- From: Peter B. West <pbwest@powerup.com.au>
- Date: Thu, 25 Jul 2002 11:00:50 +1000
- To: www-xsl-fo@w3.org
Paul et al.,
In one strand of the FOP redesign, I load language, country and script
codes from external XML into hashes. All these do is validate the
codes, although that has the virtue of distinguishing between
unsupported and invalid codes.
I used 2-character codes because they were preferred to 3-character
codes in the spec, because I did not anticipate that there would be a
big demand for languages which have only a 3-character code, and because
it is a simple matter to extend the external XML to include all or only
the necessary 3-character codes. In section 2.3 of 3066 it is mentioned
that all additions must have both a 2-ch code and a 3-ch code, but that
existing 3-ch only language codes will never acquire a 2-ch code. Nice.
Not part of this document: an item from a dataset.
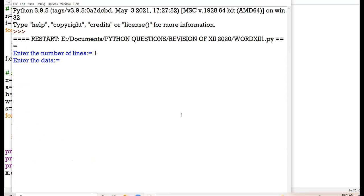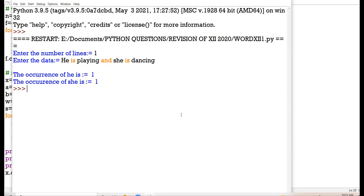Number of lines: one. 'He is playing and she is dancing.' Check it out — occurrence of 'he' is one, occurrence of 'she' is one. Am I clear to all, offline class, online class?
Full coverage therefore will always require at least some 3-ch codes.
Section 2.5 of 3066, "Language ranges" doesn't seem to give any help in
deciding what to do with a bare language tag, e.g. "fr" or "en". (I'm
assuming here that "fr", for instance, qualifies as a prefix according
to section 2.5.) Ken Holman's posting on the difficulties of French
speakers in Canada bears out this comment in 2.5.
" NOTE: This use of a prefix matching rule does not imply that language
tags are assigned to languages in such a way that it is always true
that if a user understands a language with a certain tag, then this
user will also understand all languages with tags for which this tag
is a prefix. The prefix rule simply allows the use of prefix tags if
this is the case."
This note begs the question though. What does it mean to say that "a
user understands a language with a certain tag" when that tag is "fr"?
Or have I misunderstood this section completely?
Incidentally, there seems to be a slight problem with the definition of
xml:lang. 7.29.24 "xml:lang" has
"Values have the following meanings:
<string>
A language and/or country specifier in conformance with [RFC3066]."
Shouldn't that read: "A language or a language-country specifier ...",
removing the implication that one can have a bare country specifier?
And for dessert, this delicious note from section 2.3.
"3. When a language has no ISO 639-1 2-character code, and the ISO
639-2/T (Terminology) code and the ISO 639-2/B (Bibliographic)
code differ, you MUST use the Terminology code. NOTE: At present,
all languages for which there is a difference have 2-character
codes, and the displeasure of developers about the existence of 2
code sets has been adequately communicated to ISO."
Peter
--
Peter B. West pbwest@powerup.com.au http://powerup.com.au/~pbwest
"Lord, to whom shall we go?"
Received on Wednesday, 24 July 2002 21:01:15 UTC